On Mon, Aug 06, 2012 at 10:31:24PM +0100, Russell King wrote:

> So, the fact that platform devices will get any resource marked
> IORESOURCE_IO registered against ioport_resource isn't a problem
> then...

This is what providing a separate parent to ensure they're in a
different tree is there to fix.

> Anyway, given that this thread is broken, there's no way for me to find
> out what the _original_ issue is that you're talking about.  So I'm going
> to guess that it's come up because we're out of IORESOURCE bits.

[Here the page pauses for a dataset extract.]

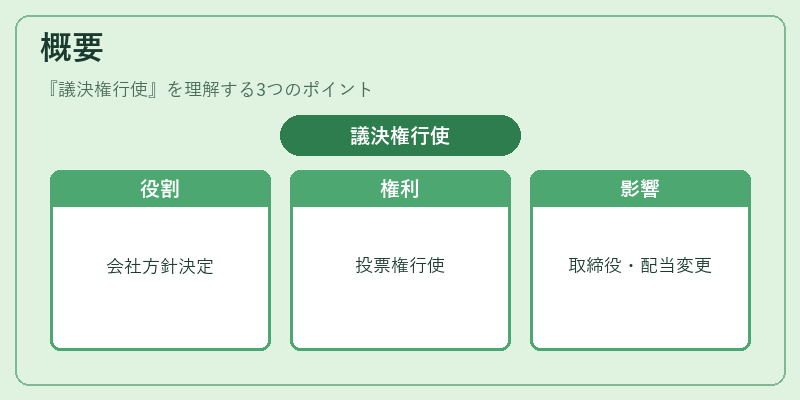 概要(議決権行使)の図解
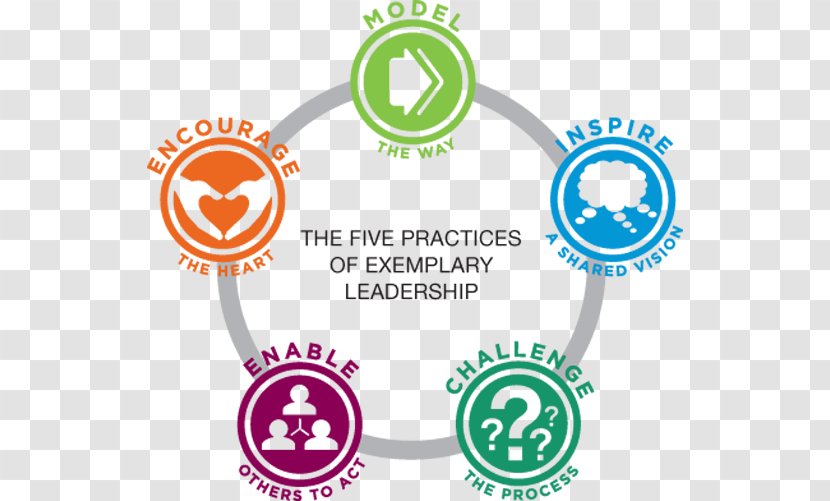 The Leadership Challenge Five Practices Of Exemplary Student Development Case Study - Golfer Transparent PNG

No, that's not it.  What's happened is that Haojian has posted some
patching changing all the _IO resources to _MEM in the Marvell PMIC
drivers, I think because you yelled at him for using _IO when he
reported that the changes in ioport_resource broke things a few releases
ago.  Obviously this doesn't achieve a huge amount, it's a misplaced
cleanup.

> So, if we made this a numeric index, then we have 32 resource types
> to deal with, and no need to bugger around with re-using an existing
> type for something else.

This seems sensible, and I'm sure if that change were made people would
be delighed to use new resource types, but like I say nobody who's
motivated to do anything here seems to have the time to do anything
about it.

Whoever looks at this would need to do some detective work, it does seem
like there must have been a reason to use a bitmask here...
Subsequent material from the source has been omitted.